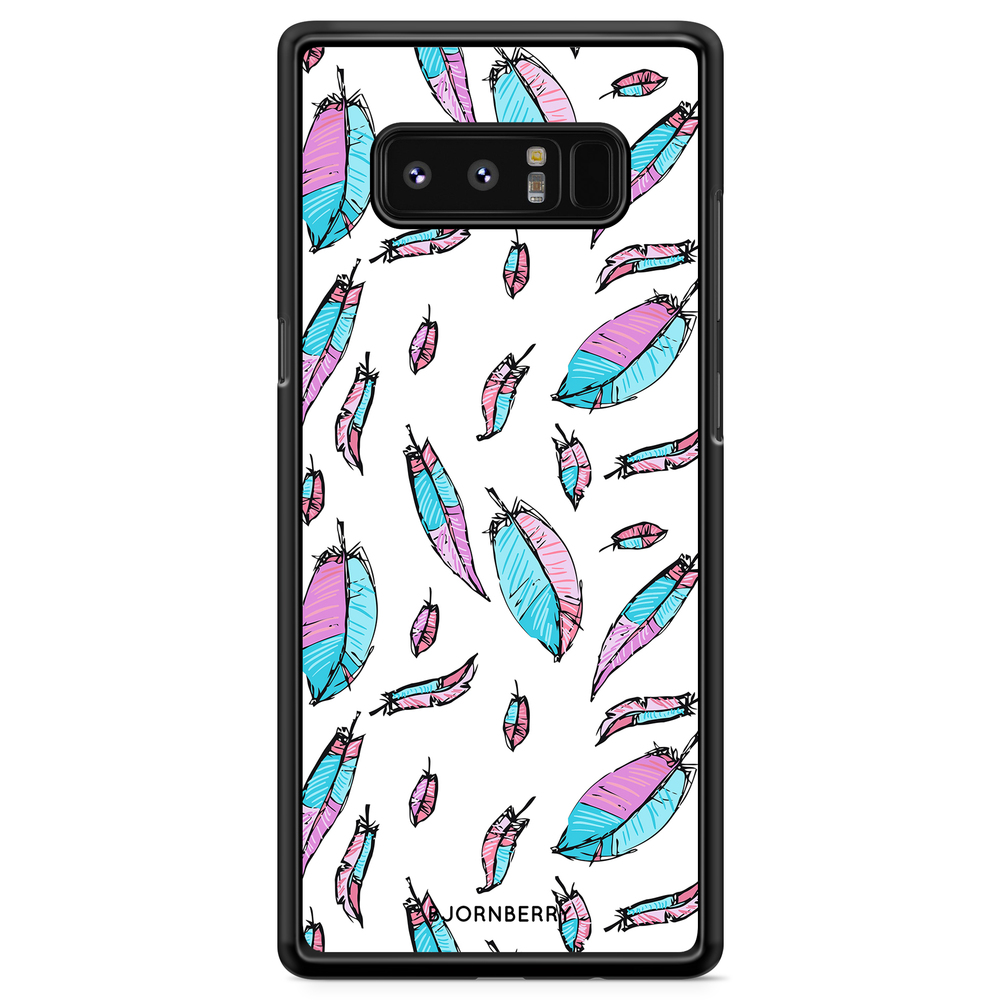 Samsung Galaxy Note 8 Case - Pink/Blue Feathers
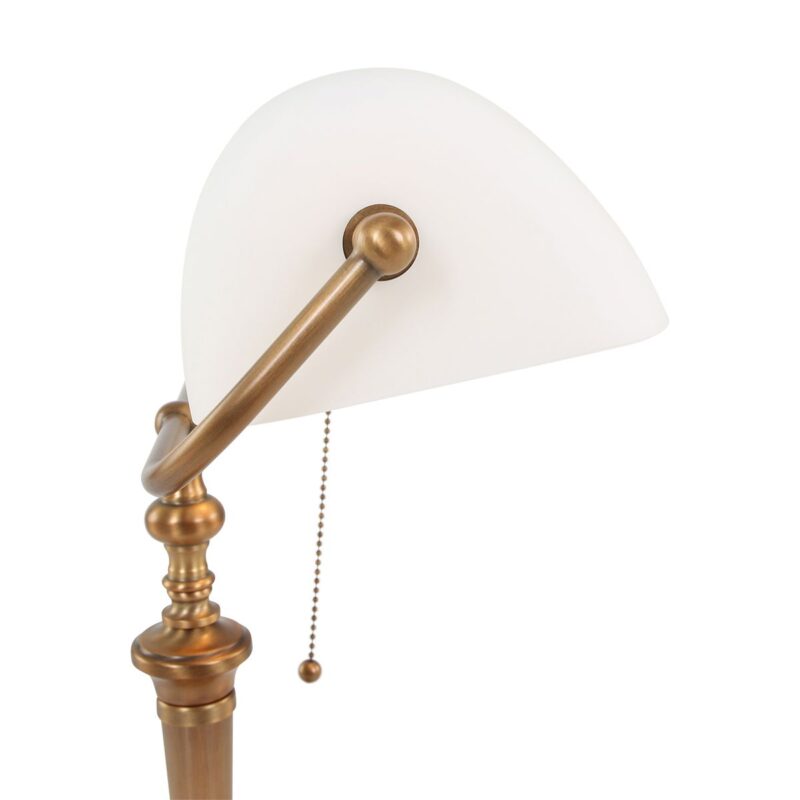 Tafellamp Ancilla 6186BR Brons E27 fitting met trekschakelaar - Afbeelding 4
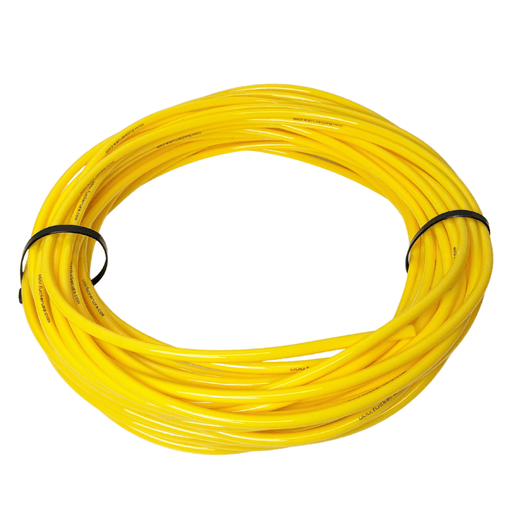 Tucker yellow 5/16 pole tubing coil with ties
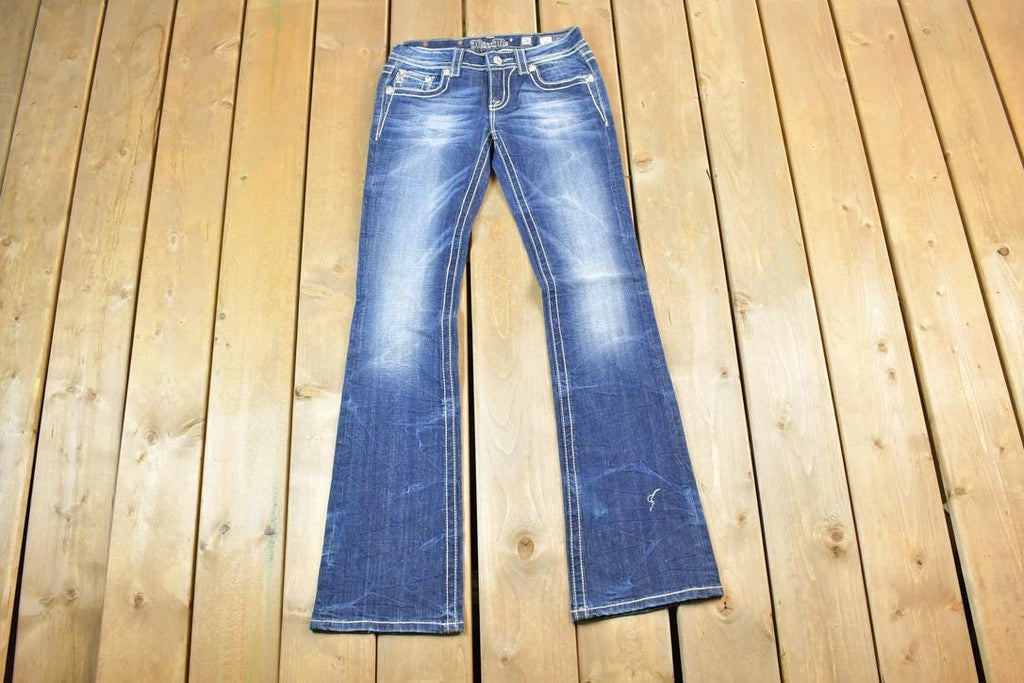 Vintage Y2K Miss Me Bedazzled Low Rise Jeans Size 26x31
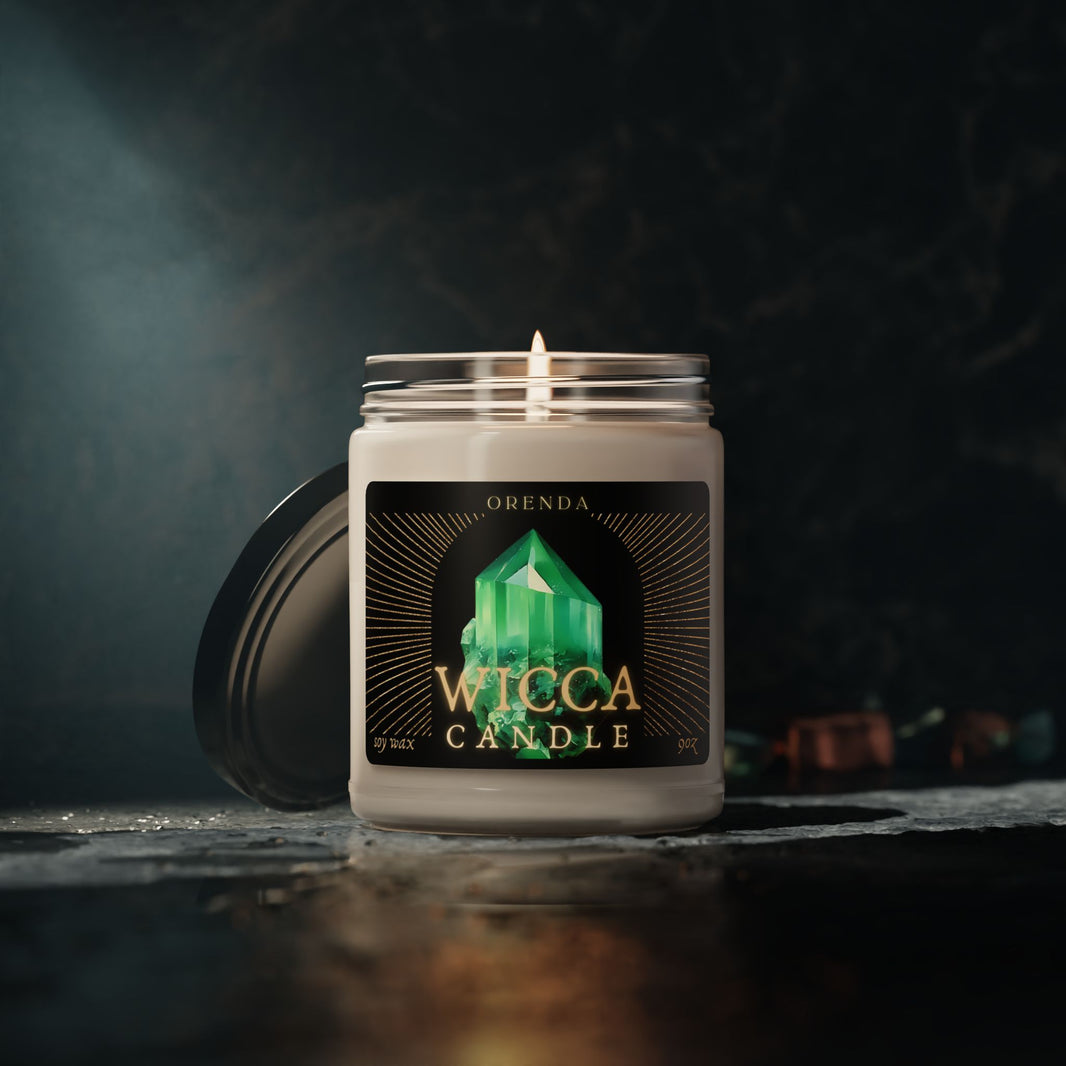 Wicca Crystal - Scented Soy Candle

- - - -

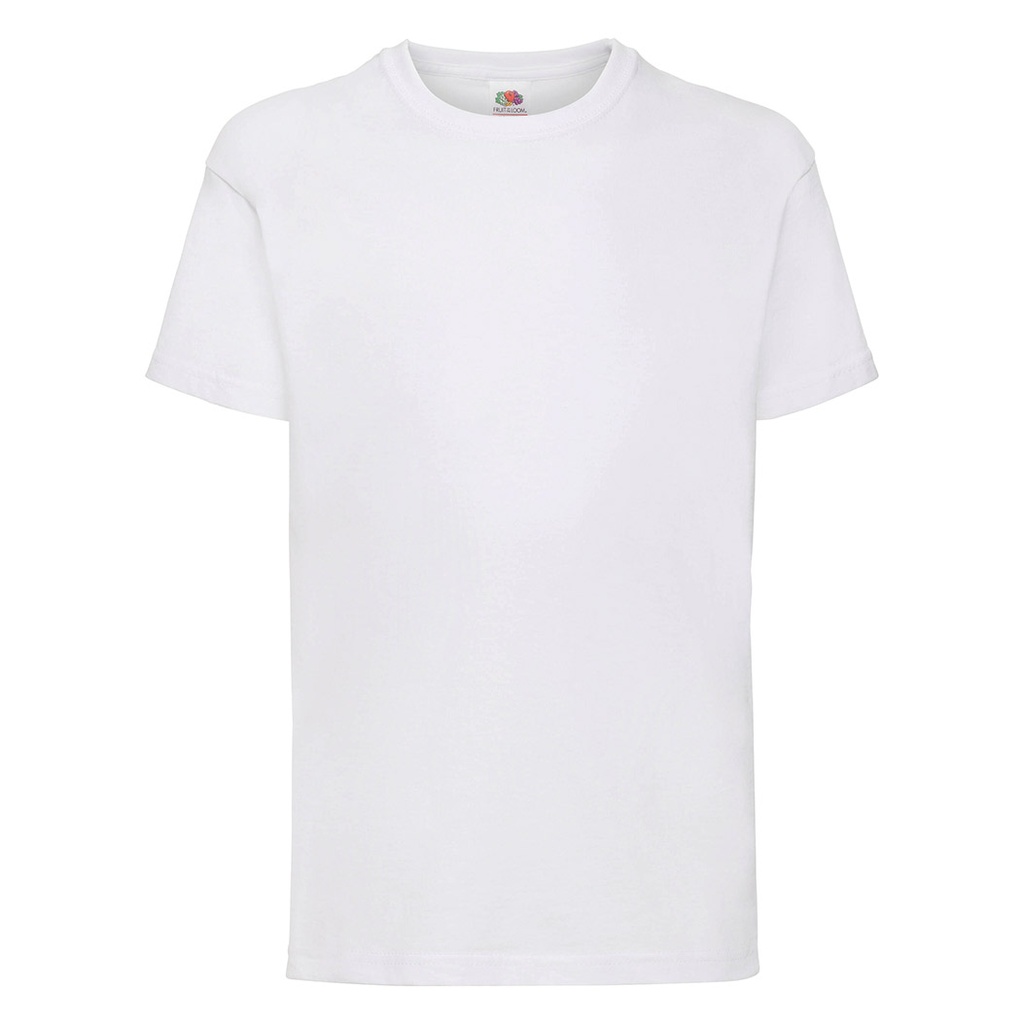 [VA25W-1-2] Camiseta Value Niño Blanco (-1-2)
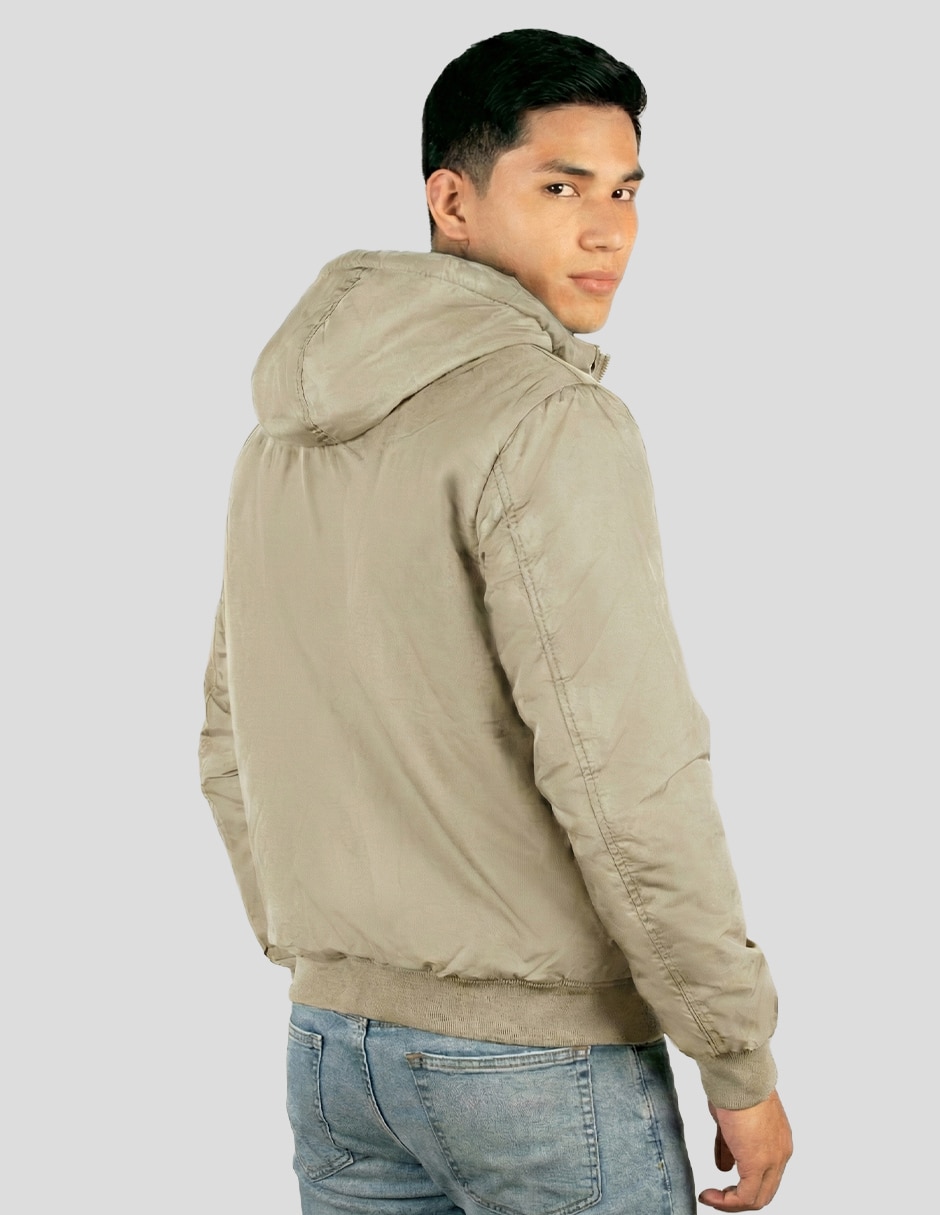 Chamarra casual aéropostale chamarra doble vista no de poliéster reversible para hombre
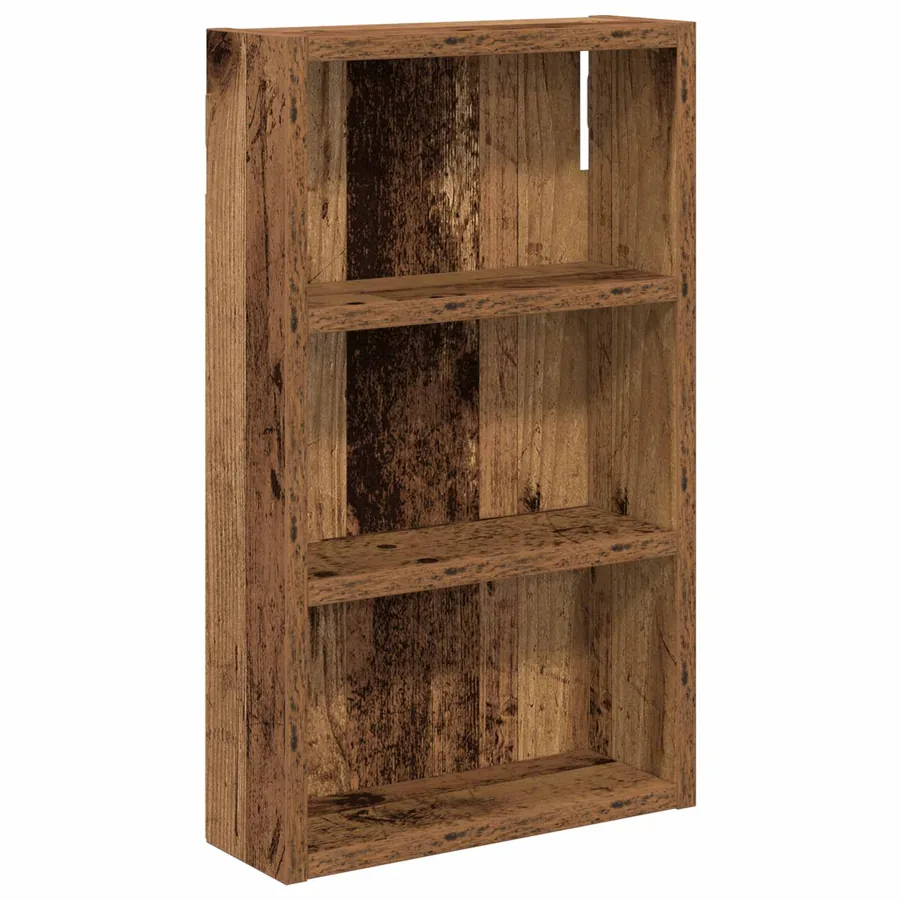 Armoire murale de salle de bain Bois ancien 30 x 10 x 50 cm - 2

- - - -

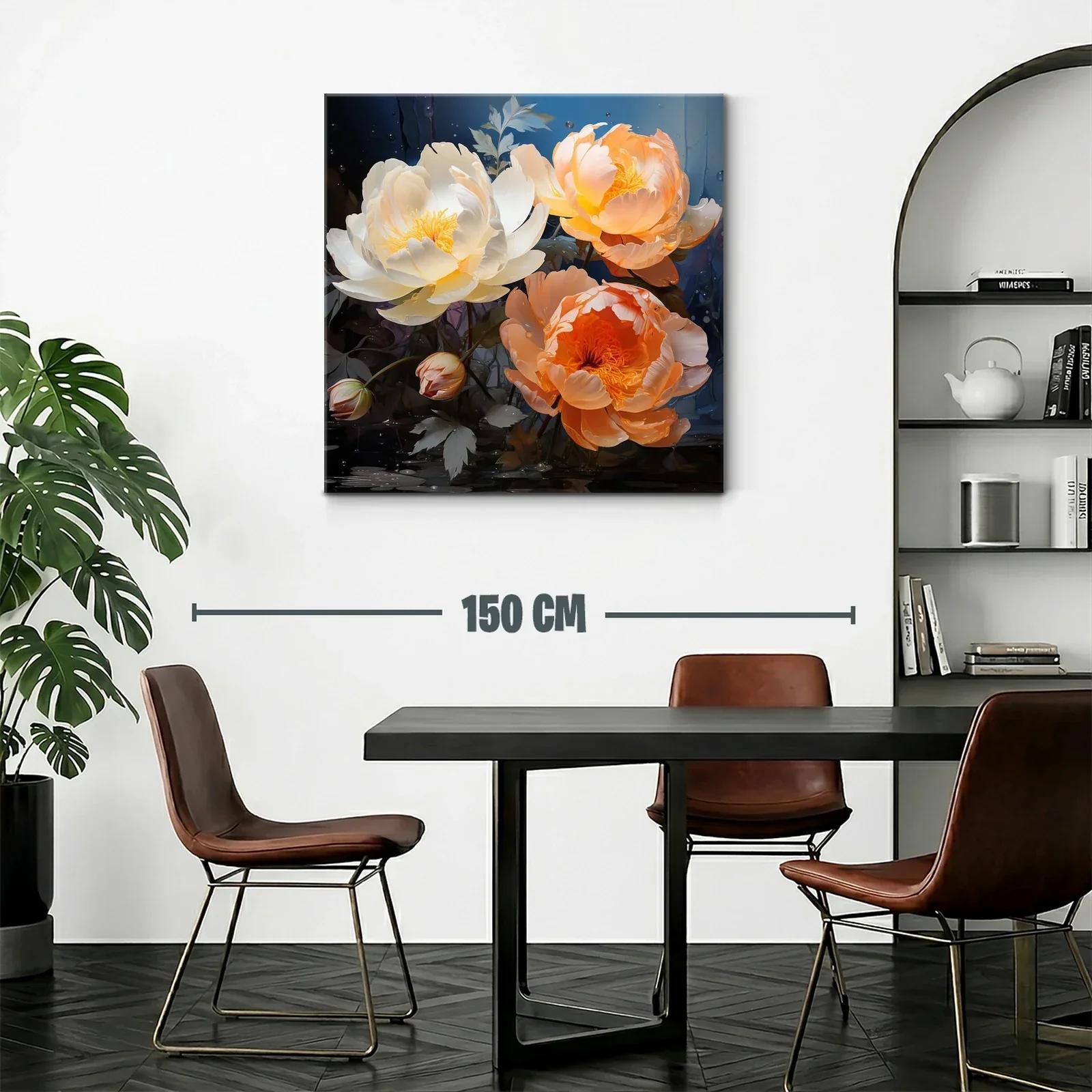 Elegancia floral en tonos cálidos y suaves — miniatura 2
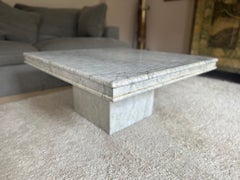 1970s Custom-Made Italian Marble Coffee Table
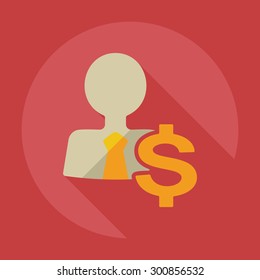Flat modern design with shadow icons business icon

- - - -

-- WHAT THE TASK ASKS --
Range to copy from the listing above: the line with "Samsung Galaxy Note" through the line with "Wicca Crystal - Scented Soy Candle". Transcribe it exactly and skip the pictures.

-- TASK ANSWER --
 Samsung Galaxy Note 8 Case - Pink/Blue Feathers
 Tafellamp Ancilla 6186BR Brons E27 fitting met trekschakelaar - Afbeelding 4
 Tucker yellow 5/16 pole tubing coil with ties
 Vintage Y2K Miss Me Bedazzled Low Rise Jeans Size 26x31
 Wicca Crystal - Scented Soy Candle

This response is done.